Poupar os recursos naturais da Terra
O americano Robert Costanza é um dos pais da economia ecológica. Foi ele o primeiro cientista do mundo a atribuir valores à natureza. Em 1997, junto de colegas da academia, publicou na revista Nature um estudo que estimava o preço dos bens ecológicos: em torno de US$ 33 trilhões (cerca de US$ 45 trilhões nos dias atuais). Criar um valor financeiro para a biodiversidade é o melhor caminho para que empresas, comunidades, governos e organismos internacionais entendam, com clareza, a urgência de proteger o meio ambiente e usar seus recursos com cautela. É uma maneira eficaz de responsabilizar quem desperdiça e premiar quem conserva.
Costanza é hoje professor de sustentabilidade da Universidade de Portland. Defende que o sucesso das economias não deve ser medido pelo valor do Produto Interno Bruto (PIB), que contabiliza apenas as riquezas materiais geradas. Acha que é necessário descontar desses ganhos os gastos com a poluição do ar, os resíduos, a destruição da floresta. A métrica ideal seria o chamado GPI (Indicador Genuíno de Progresso, na sigla em inglês). Em entrevista à Época, Costanza explica por que a biodiversidade e os serviços dos ecossistemas são cruciais para nossa sobrevivência. E afirma que a sociedade precisa consumir menos se quiser salvar o planeta.
ÉPOCA - Por que a biodiversidade é importante?
Robert Costanza - A biodiversidade é a estrutura dos ecossistemas. É o nosso capital natural. É importante por muitas razões. O capital natural fornece uma ampla gama de valiosos serviços dos ecossistemas, sem a qual a humanidade não poderia sobreviver.
ÉPOCA - As pessoas tendem a acreditar que ajudar a biodiversidade é salvar o tigre de bengala. Como mostrar a elas que os animais, as plantas e os serviços prestados pela natureza afetam diretamente suas vidas?

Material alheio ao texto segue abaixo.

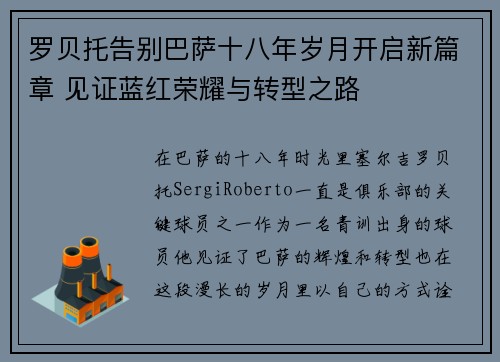 罗贝托告别巴萨十八年岁月开启新篇章 见证蓝红荣耀与转型之路 罗贝托告别巴萨十八年岁月开启新篇章 见证蓝红荣耀与转型之路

Costanza - Nós estamos começando a compreender melhor as conexões entre a complexidade dos ecossistemas e o bem-estar humano. Caracterizar e quantificar essas conexões pode ajudar as pessoas a entender a biodiversidade. Os moradores da Louisiana agora compreendem o papel dos pântanos costeiros na prevenção de tempestades. Nós estimamos que o valor total dos serviços ecossistêmicos de todo mundo é maior que o PIB global.
ÉPOCA - O senhor foi um dos primeiros a calcular os prejuízos da destruição da natureza. Como se faz esta conta?

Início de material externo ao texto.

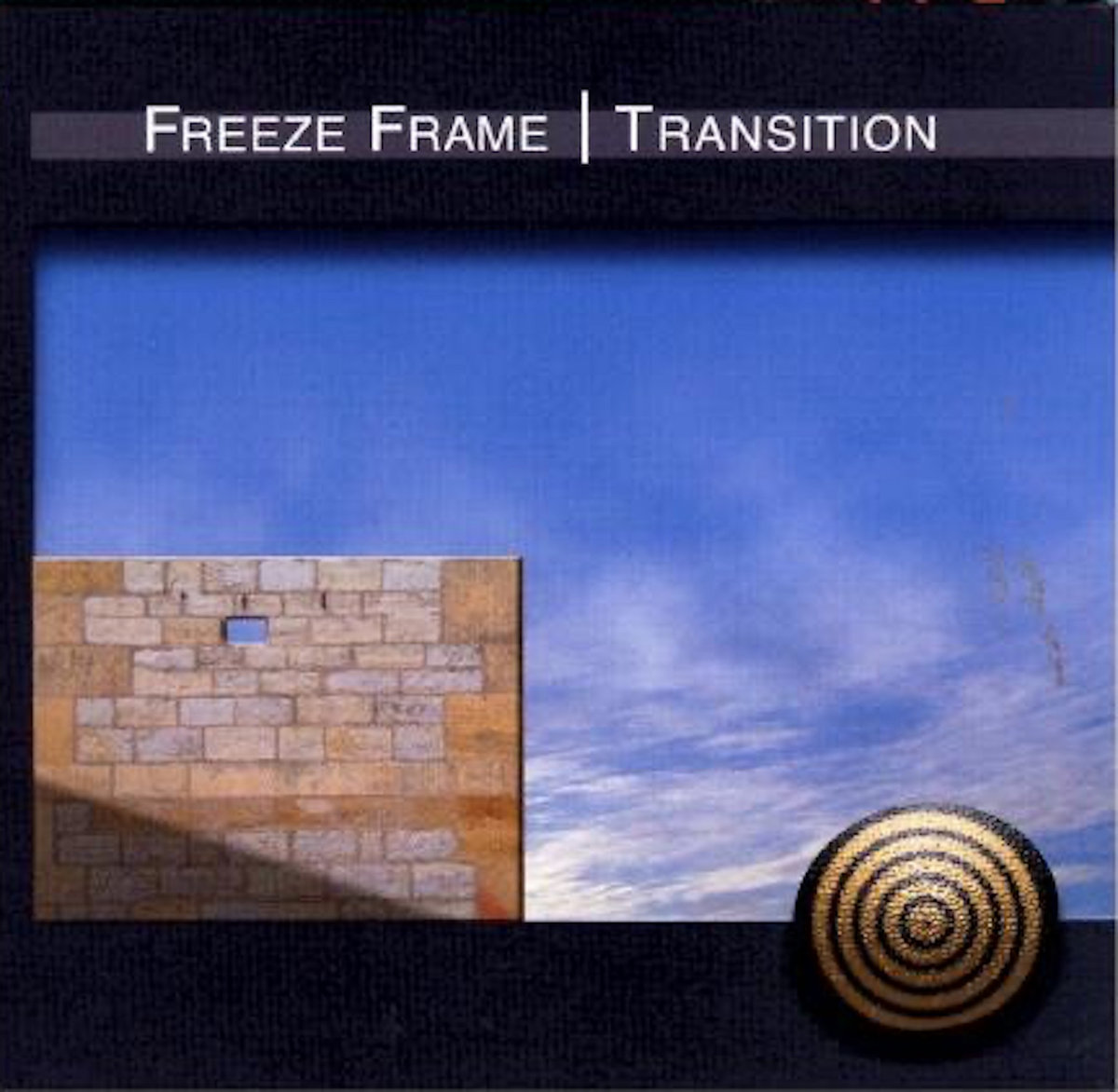 Transition | Freeze Frame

Costanza - Existem vários métodos diferentes. Um das mais simples de entender é o do custo evitado. Por exemplo, se nós perdemos as zonas úmidas costeiras, os danos com as tempestades vão ser maiores.
ÉPOCA - Medir essas externalidades é mais complexo, por exemplo, que avaliar os impactos das mudanças climáticas, cujos reflexos são claros. Isso não desacredita o cálculo?
Costanza - Não, esses cálculos sempre são aproximações.
ÉPOCA - Há alguém pagando por esses prejuízos?
Costanza - Todos nós já estamos pagando por esses prejuízos. Mas de uma outra maneira, não apenas em dinheiro.
ÉPOCA - Um relatório recente da consultoria McKinsey coloca a biodiversidade como a próxima questão das empresas. Na vida real, as companhias já colocam a biodiversidade na planilha de custos e oportunidades?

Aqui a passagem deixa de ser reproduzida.